-- DATA RECORDS follows --

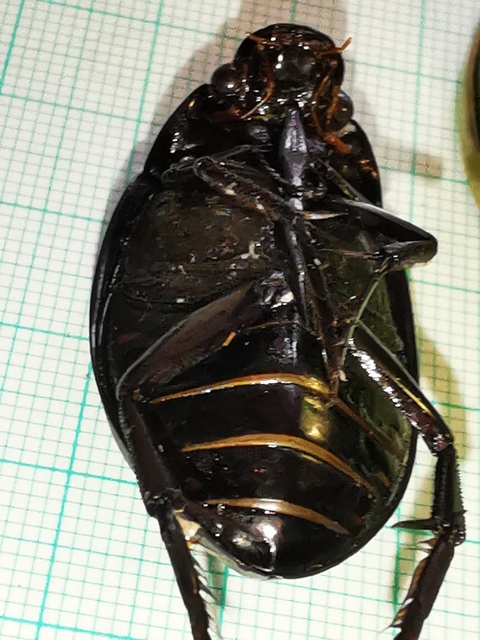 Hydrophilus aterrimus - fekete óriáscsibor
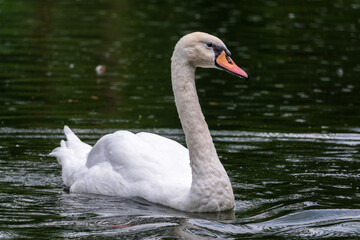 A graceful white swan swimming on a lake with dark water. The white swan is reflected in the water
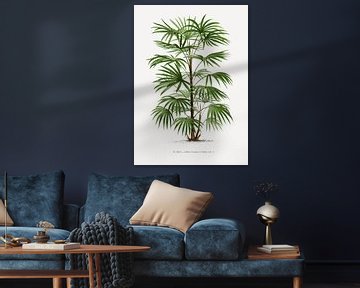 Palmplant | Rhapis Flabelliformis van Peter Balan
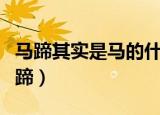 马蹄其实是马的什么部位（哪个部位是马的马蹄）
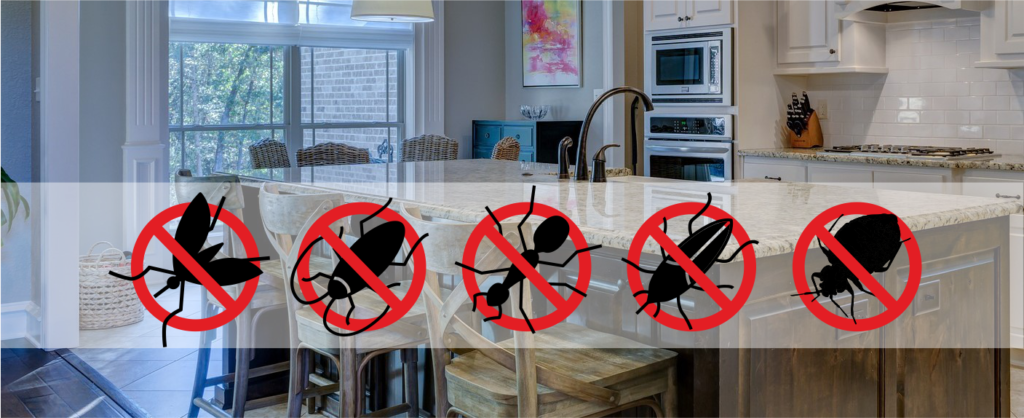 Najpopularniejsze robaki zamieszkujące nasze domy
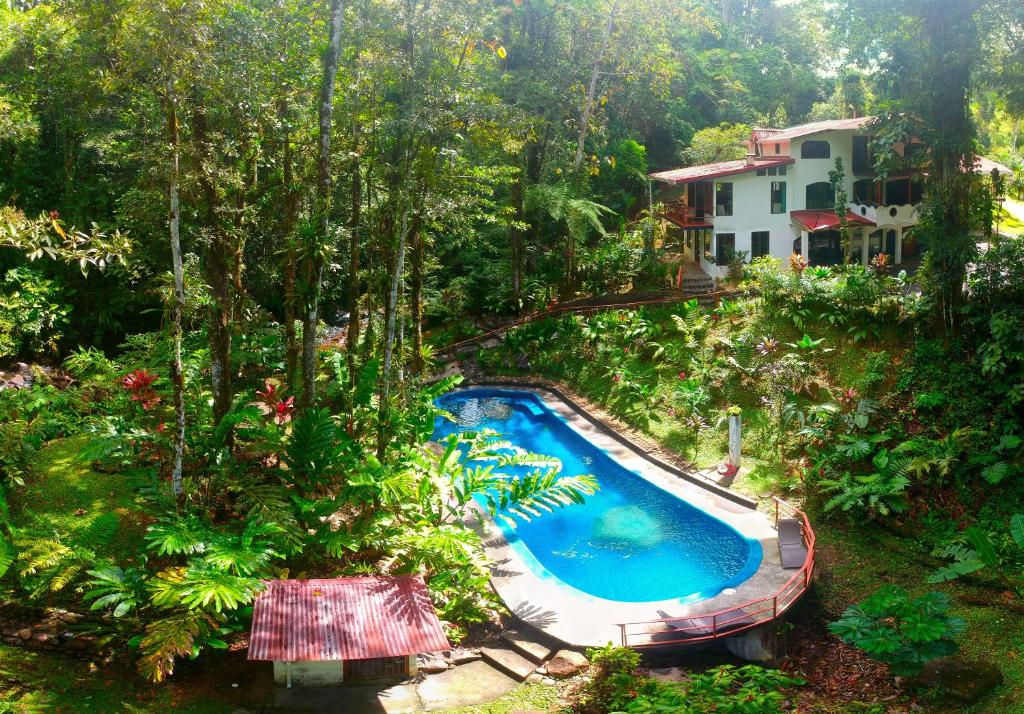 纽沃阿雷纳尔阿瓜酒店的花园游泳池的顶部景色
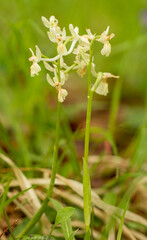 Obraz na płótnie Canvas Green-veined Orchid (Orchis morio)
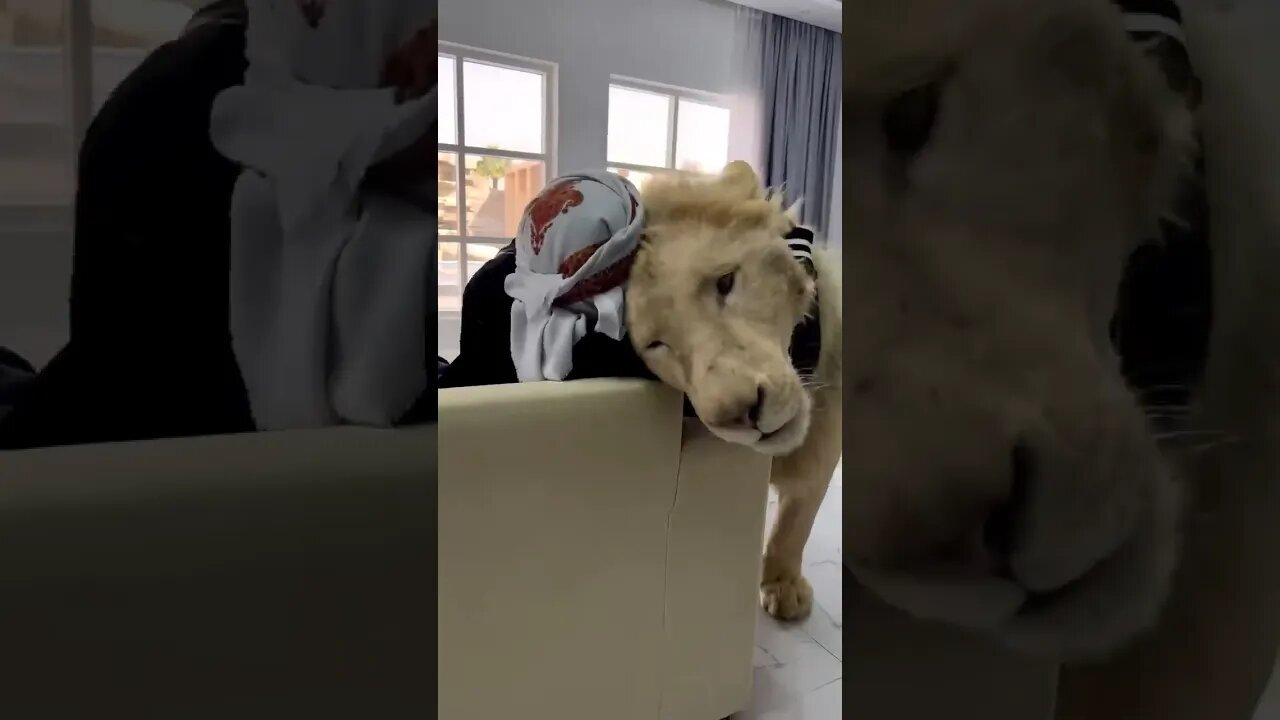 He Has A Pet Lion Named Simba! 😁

-- DATA RECORDS concluded --

» **PROBLEM**:
Your copy should hold exactly the lines from the one with "Obraz na płótnie" through the final line of the records, both ends included, and no pictures.

» **TASK RESPONSE**:
 Obraz na płótnie Canvas Green-veined Orchid (Orchis morio)
 He Has A Pet Lion Named Simba! 😁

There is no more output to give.